We are in a period of unprecedented growth and interest in observability technologies such as metrics. Developers of applications, frameworks, and libraries are making it a point to publish metrics that expose various measures (counters and gauges) for both external and internal operations and outcomes. But it seems that the industry as a whole is not reaping the benefits of this effort, which requires ongoing maintenance effort and cost in managing metric stores as well as the unrestraint proliferation of custom dashboards growing daily. One reason for this is that operations staff don’t fully understand what the meaning of a metric is, how is it measured and related to other collected metrics, and what type of problem can be inferred from it when it changes. This is not only a consumer issue. Many developers tasked with instrumentation are unable to give due consideration to the use of a proposed metric beyond a very narrow need.
Drowning in metrics
In some ways, metrics are the unit tests of monitoring. Everyone agrees they are good in practice, but only a few seem to have enough experience in designing them beyond measuring the obvious. This is made somewhat worse with new cloud offerings targeting customers looking initially only to store and search large volumes of data collected by instrumentation. Insight is not necessarily on the menu here because those choosing where to send their data tend to favor the presentation of data be kept as close as possible to the raw input form.

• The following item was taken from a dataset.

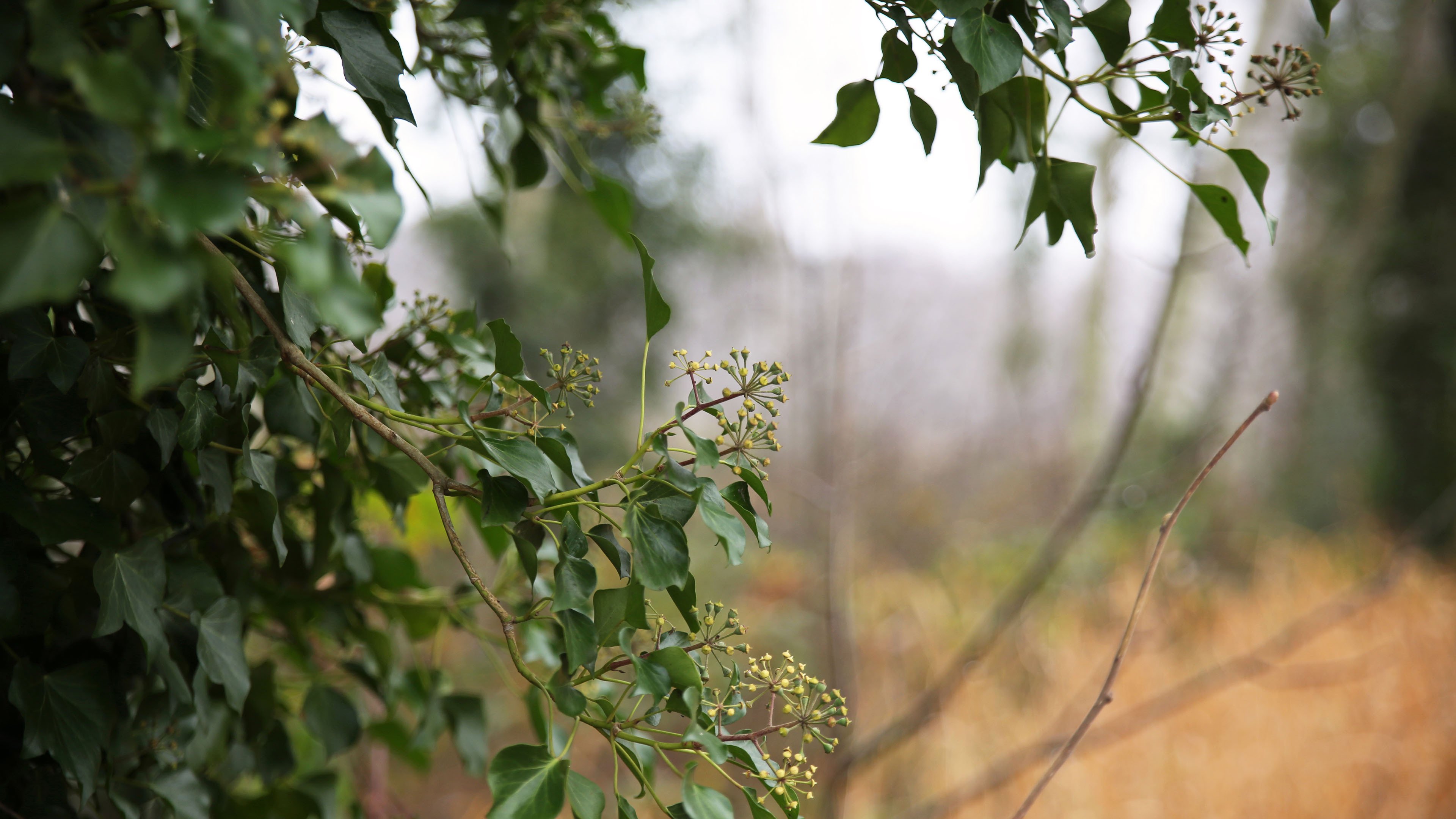 春意盎然 特写 自然一角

The absence of abstraction
Models of abstraction, in the backend or UI/UX, that might be more effective in monitoring and managing the system under observation are deemed unnecessary overhead in the early days when one is more concerned with tracking that all the sensors are indeed operating correctly and pushing measures out from their origin. Naturally, this changes very quickly when customers experience incidents that take far too long to identify and then resolve in production with condensed metric storage backends. One typical response to this is to turn to each of the third party developers behind a significant component and purchase a license for a component-specific dashboard solution that understands the meaning of the metrics published and better tailors the presentation. Unfortunately, this leads to many dashboards, different models of abstraction across each, and more data stores though many developers will also offer the ability to push metrics elsewhere too. The more data that is created before this point, the more likely this situation will arise and remain for some time. This is the nature of the un(tr|ch)ained beast.
A model within a model
Today observability seems focused primarily on creating a sufficiently large information model from an ever-growing list of sensors. Instead of hundreds or thousands of metrics, we have companies claiming to have millions of metrics. This number is probably inflated and reflects more of the diversity of the naming of things and not the types of measures recorded for each context. How much this is true is beside the point. If we have a more than a handful of metrics per object of concern within a management model, then human operators still have a problem that is not magically solved by machine learning as there is always the question of what do these metrics mean and how are they impacted by changes in the environment and the actions of operations. At Instana we consider it paramount to the success of our engineering effort to link cause(s) with effect(s), metrics with traces, events with signals, etc. We carefully consider what is in the foreground (trace) and background (metric) depending on the situation.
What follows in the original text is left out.